What to work on.
When you reach the line containing "SWINGIN' UTTERS Dead", please repeat it and every line after it exactly, through the end of the listing below, skipping pictures.

Material for the task.
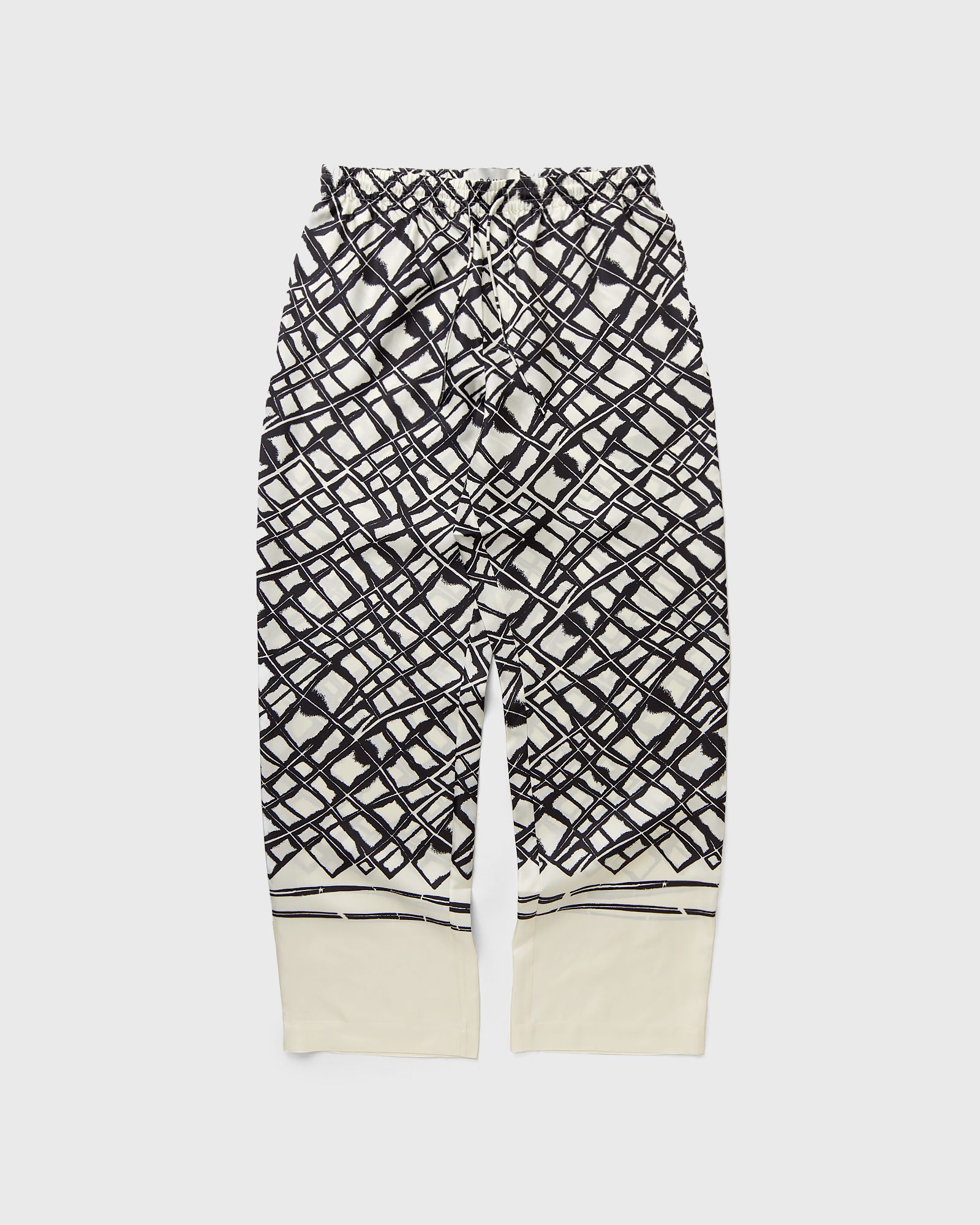 Unisex silk labyrinth pants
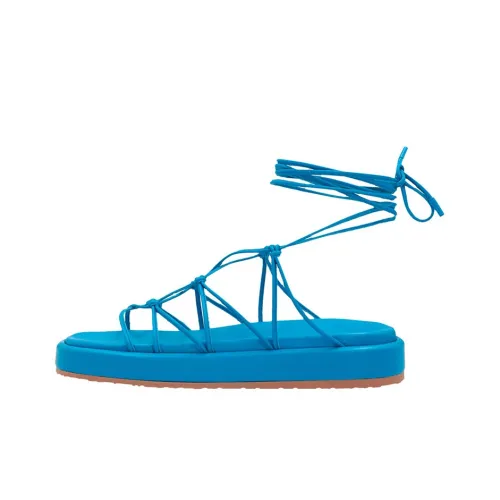 GIANVITO ROSSI Minas Flatform one Ремень Сандалии Женские Синий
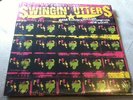 SWINGIN' UTTERS Dead Flowers Bottles Bluegrass LP YELLOW VINYL rare + stickers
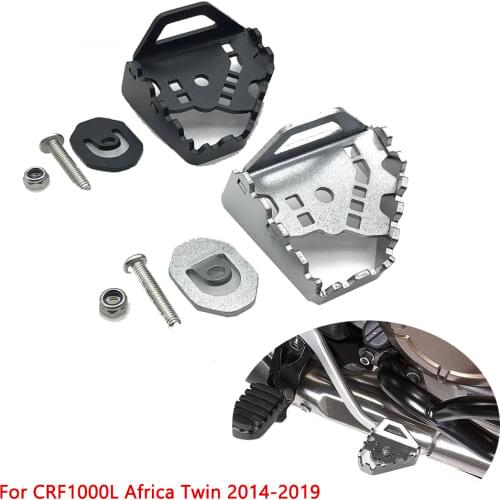 Motorcycle Rear Foot Brake Lever Enlarge Pad Brake Footrest Pedal Extension For Honda CRF1000L Africa Twin Adventure Sport 14-19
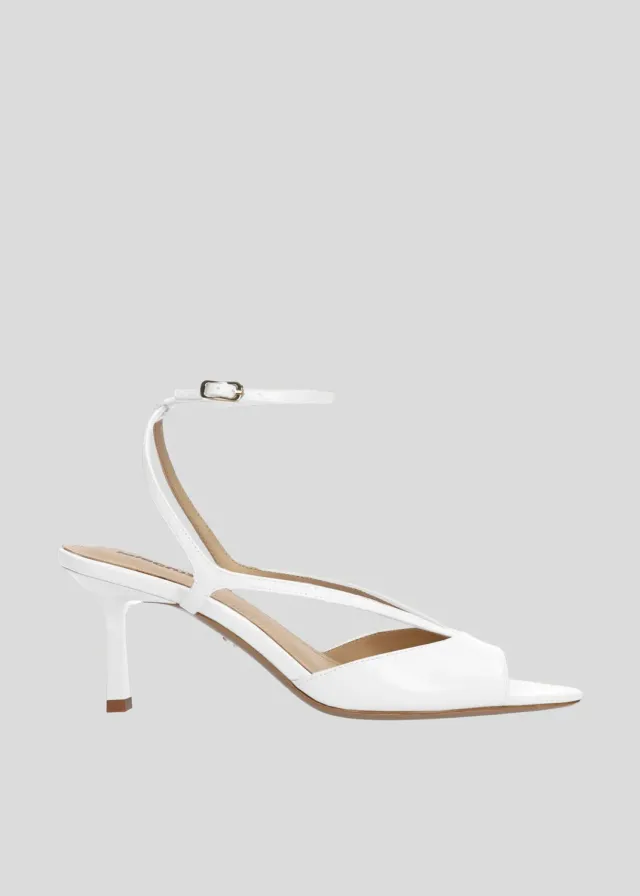 Lola Cruz Streep 65 sandales blanc talon 6,5 cm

Task result.
 SWINGIN' UTTERS Dead Flowers Bottles Bluegrass LP YELLOW VINYL rare + stickers
 Motorcycle Rear Foot Brake Lever Enlarge Pad Brake Footrest Pedal Extension For Honda CRF1000L Africa Twin Adventure Sport 14-19
 Lola Cruz Streep 65 sandales blanc talon 6,5 cm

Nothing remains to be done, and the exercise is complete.